The Hadamard transform, denoted as $H_N$ for size- $N=2^k$ , is a real orthogonal matrix with entries in $\{\pm1\}$ . It satisfies $H_N H_N = N I_N$ , and is constructed recursively. The Walsh–Hadamard transform (WHT) of a vector $x \in \mathbb{R}^N$ is $X = H_N x$ , and the inverse is $x = \frac{1}{N} H_N X$ .

There are two major senses of "convolution" in the Hadamard domain:

Multiplicative (Hadamard) Convolution on Temperate Distributions: For $S, T \in S'(\mathbb{R}^d)$ (the space of temperate distributions), the *-product is defined by duality as

$(S * T)(\phi) := \langle S(x),\, \langle T(y),\, \phi(x \cdot y) \rangle_y \rangle_x$

where $x \cdot y = (x_1 y_1, ..., x_d y_d)$ . This operation generalizes classical convolution to multiplicative group actions (Vogt, 2018).

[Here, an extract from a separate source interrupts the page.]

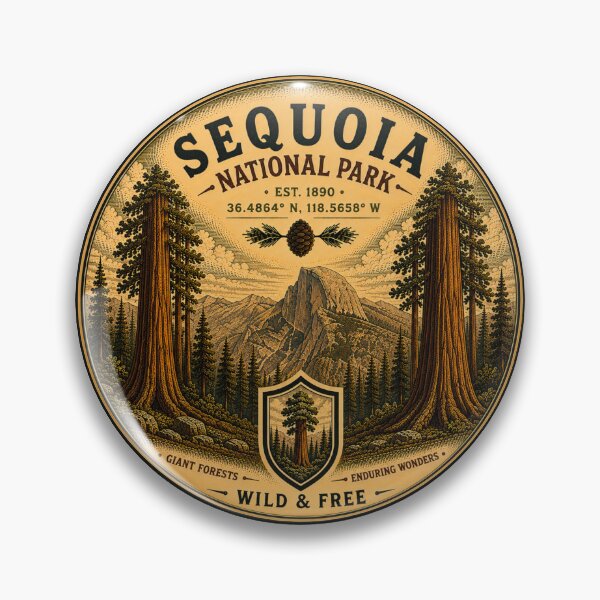 Item preview, Vintage Sequoia National Park California Adventure designed and sold by T-Motive.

Transform-Domain Convolution (Signal and Neural Networks): The Hadamard (Walsh) transform diagonalizes the dyadic (Walsh) or circulant convolution:
- Dyadic convolution: For $a, x \in \mathbb{R}^N$ ,
$(a *_n x)_\ell = \sum_{m=0}^{N-1} a_m x_{\ell \oplus m}$

with $\oplus$ being bitwise XOR. By the Hadamard convolution theorem,

$\mathcal{H}(a *_n x) = \mathcal{H}(a) \circ \mathcal{H}(x)$

where $\circ$ denotes elementwise multiplication (Pan et al., 2023). - Pointwise and 2D Convolutional Analogues: By transforming inputs and kernels to the Hadamard domain, convolution becomes elementwise multiplication, analogous to the Fourier convolution theorem but using real-valued $\{\pm1\}$ basis (Mannam, 2022, Pan et al., 2022, Pan et al., 2021, Jeong et al., 2019).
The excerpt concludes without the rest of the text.